Commodore Simmons joined Mooremack in 1938 to take command of the old ARGENTINA on her first voyage to South America. During World War II, he continued in command of this ship while it was in military garb as a troop carrier. After the war, he and the ARGENTINA went back into the South American cruise trade until the ARGENTINA was retired in August of 1958. When the new luxury liner BRAZIL made her maiden voyage in 1958, Commodore Simmons was on the bridge. He also captained the first trip of the sister-ship- the new ARGENTINA, where he has remained.
Commodore Simmons wartime recollections are, he says, completely full of lack of excitement. He never mentions that his S.S. ARGENTINA was the first troop ship to carry U.S. troops to Australia, the first at Oran and among the first into England for stand-by for the D-Day invasion of Europe.
But one instance stands out in his memory; he was Captain of the old ARGENTINA returning with troops from Australia through the Caribbean during a period when enemy submarine action was particularly intense. At full speed, all precautions, red alert, a lookout spotted a raft. It was lonely, pitiful, occupied by one feeble scarecrow of a man. At the alarm, Tom Simmons turned his ship, slowed and —despite a natural reluctance to expose the ship, plus adverse comments from military experts aboard — quickly rescued the sole survivor of a torpedoing. Then turned the ARGENTINA back on her course and sped safely away. This act of mercy was typical of the Commodore. But more typical is his shrug of the shoulders in denying that it was anything “special” that anyone else wouldn’t have done.

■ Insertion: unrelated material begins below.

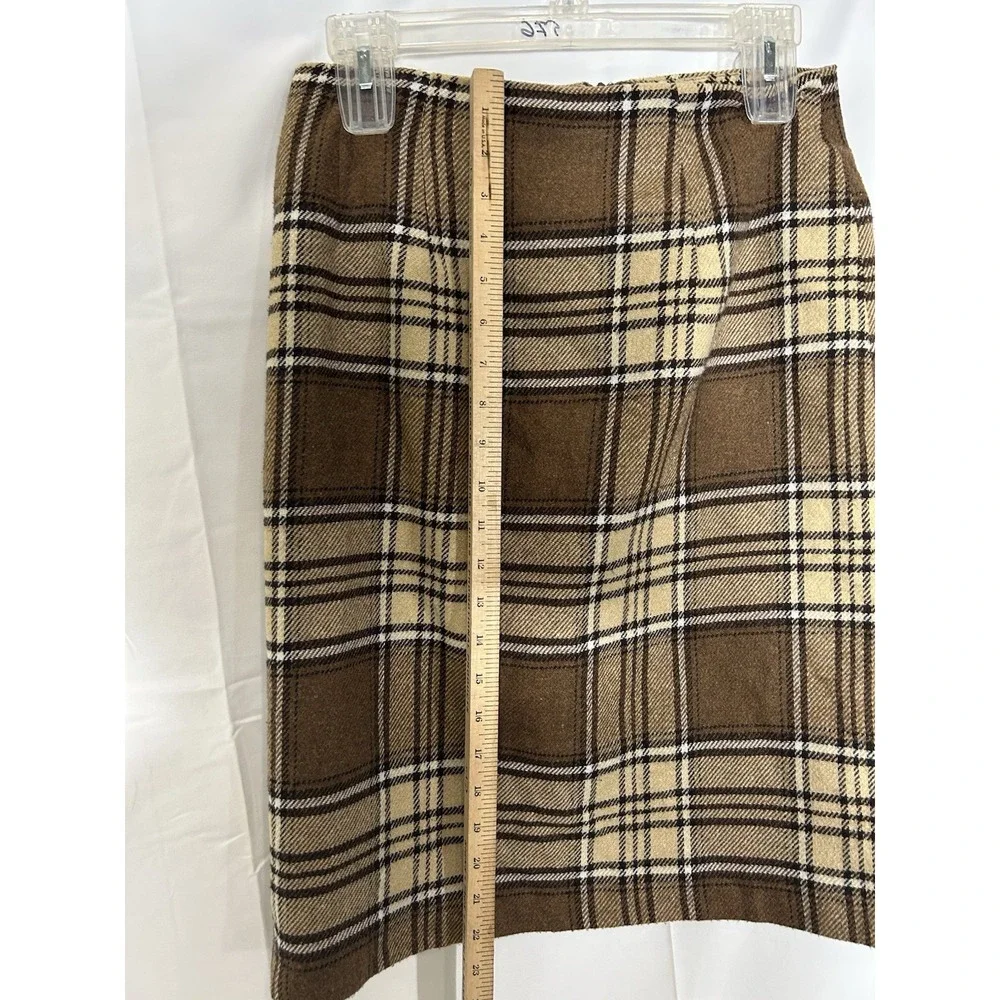 JGH Vintage Womens Wool Twill Brown Plaid Skirt‎ Size M Academia Preppy Heritage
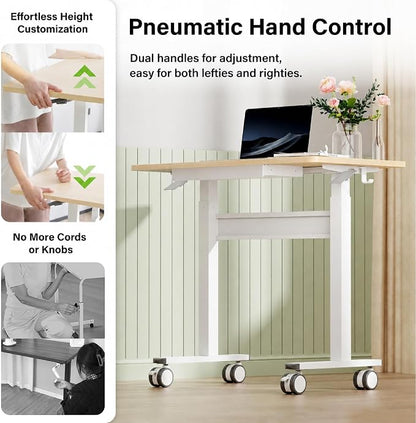 Standing Desk for Walking Pad with Wheels, Pneumatic Cordless Height Adjustable Rolling Desk, Computer Workstation with Drawer Hook Locking Casters for Treadmill Home Office, Light Wood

Commodore Simmons last trip takes him amidst friends in the Caribbean port of Barbados, in Brazil, Uruguay and Argentina. Thence he and the ARGENTINA sail to South and East Africa, thru the Suez, to the Mediterranean and homeward via Italy, Spain and Portugal. These are familiar friendly places to Tom Simmons, faces of friends whom he relishes visiting. At many of the ports, officials, old cronies, travelling companions and the ‘Simmons people’ are planning commemorative ceremonies marking the 50th and retirement year of service of Commodore Thomas N. Simmons.
A grandfather over a dozen times, Commodore Simmons enjoys his holidays at his home on Long Island. But the sea is part of him and anyone can see from his ARGENTINA that he is a man of the sea.”
Commodore Tom Simmons was married to Enid May Simmons by whom he had six children. Her father was Solomon (Butchy Coonks’) Simmons who was a captain of square riggers. Her mother was the daughter of a Scotsman who lived in Montego Bay Jamaica and she had two sisters and one son. The son remained in Jamaica while the daughters went to New York. One married Captain Cameron Dudley Simmons and the other one married Tom Simmons.
As mentioned earlier he retired in 1963 and later moved to Florida where he died on March 27th, 1970 at Palm Beach Gardens.